-- EXTRACTED MATERIAL follows --

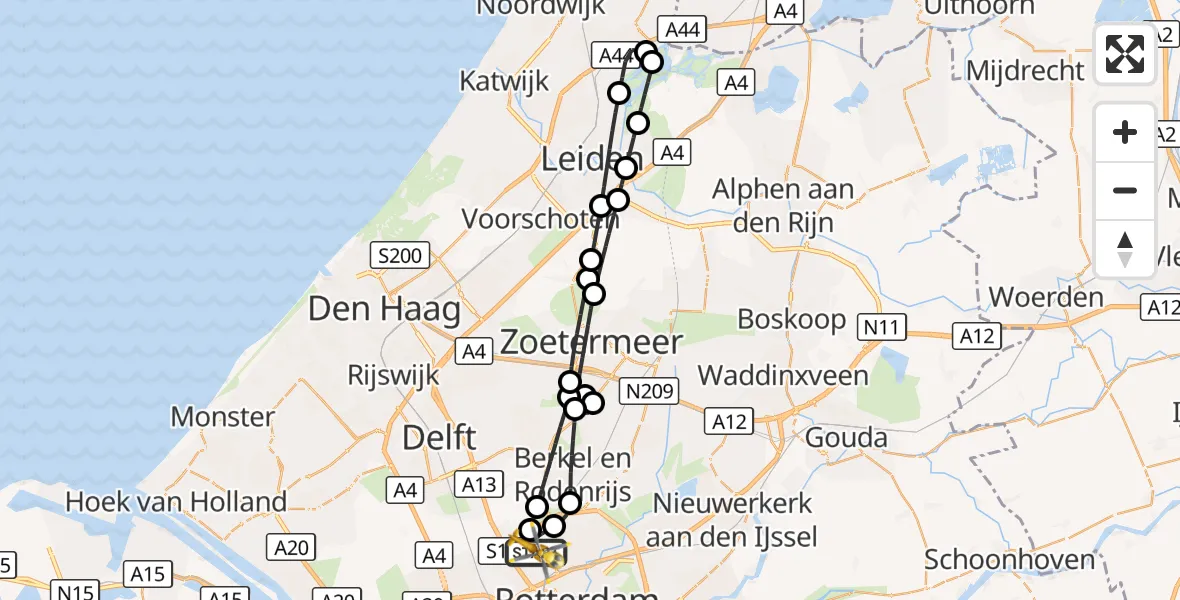 Vluchtroute Traumahelikopter Rotterdam The Hague Airport - Rotterdam The Hague Airport, 07 september 2026, 02:12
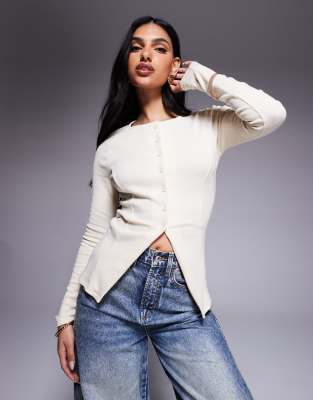 ASOS DESIGN - Cardigan in tessuto interlock color panna con bottoni - view 1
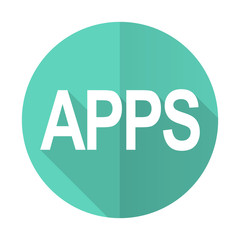 apps blue flat desgn circle icon with long shadow on white background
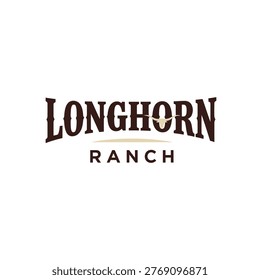 Bold Longhorn Ranch logo featuring western-style typography and a steer horn icon in brown and cream tones. Ideal for ranch branding, signage, packaging, and rustic western design projects.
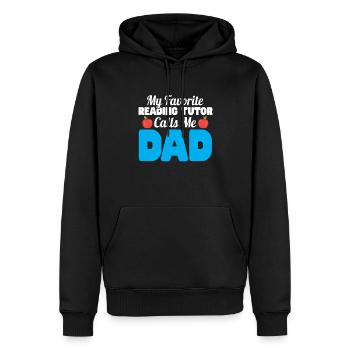 Tuteur Cadeau Tuteur - Sweat à capuche Premium bio Homme - noir - Devant - Nico (187cm)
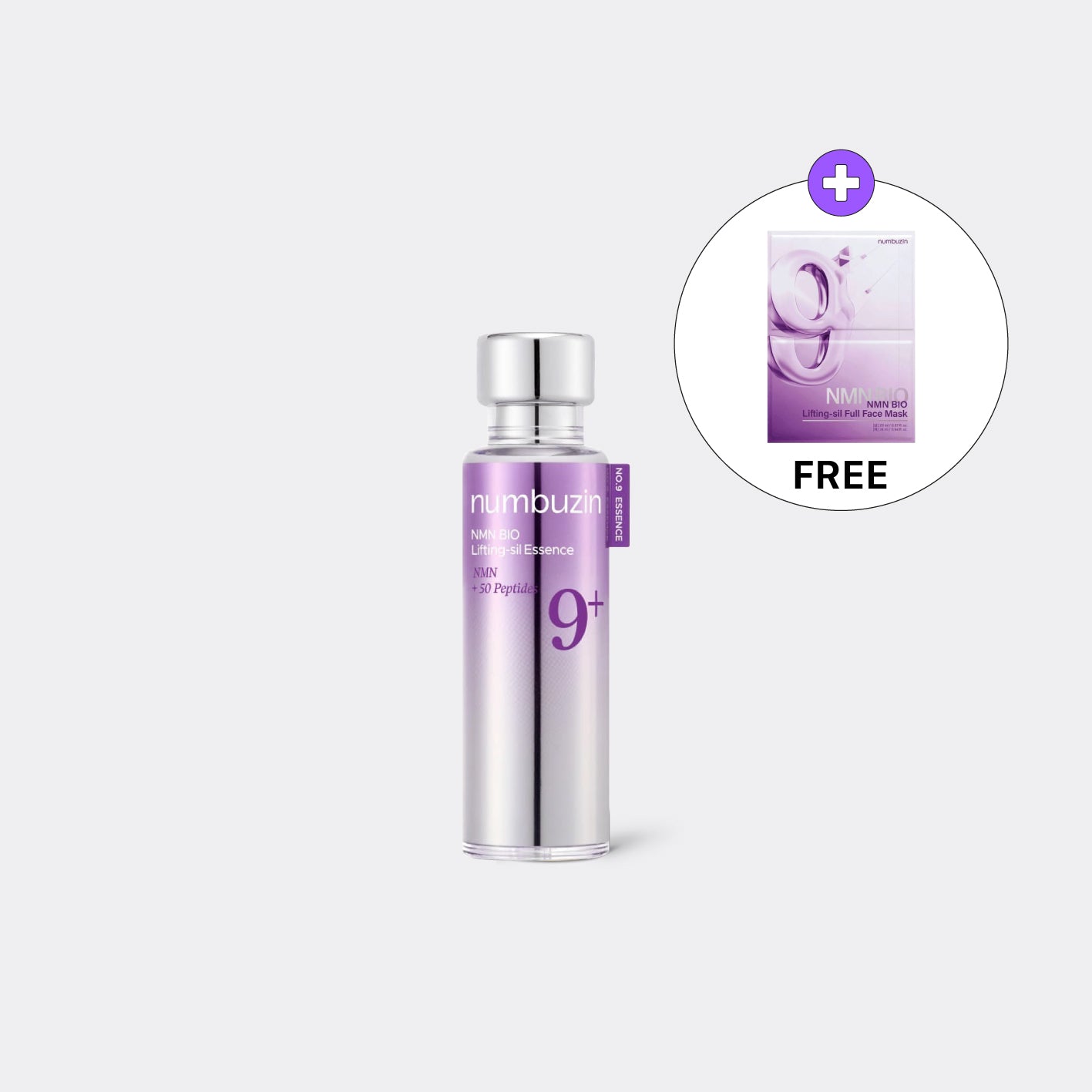 Numbuzin No9 NMN essence bottle with packaging on a white background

-- EXTRACTED MATERIAL concluded --

Reproduce the entries exactly, from the line with "Bold Longhorn Ranch" to the line with "Tuteur Cadeau Tuteur", both lines included, keeping no pictures.

= RESULT BELOW =
 Bold Longhorn Ranch logo featuring western-style typography and a steer horn icon in brown and cream tones. Ideal for ranch branding, signage, packaging, and rustic western design projects.
 Tuteur Cadeau Tuteur - Sweat à capuche Premium bio Homme - noir - Devant - Nico (187cm)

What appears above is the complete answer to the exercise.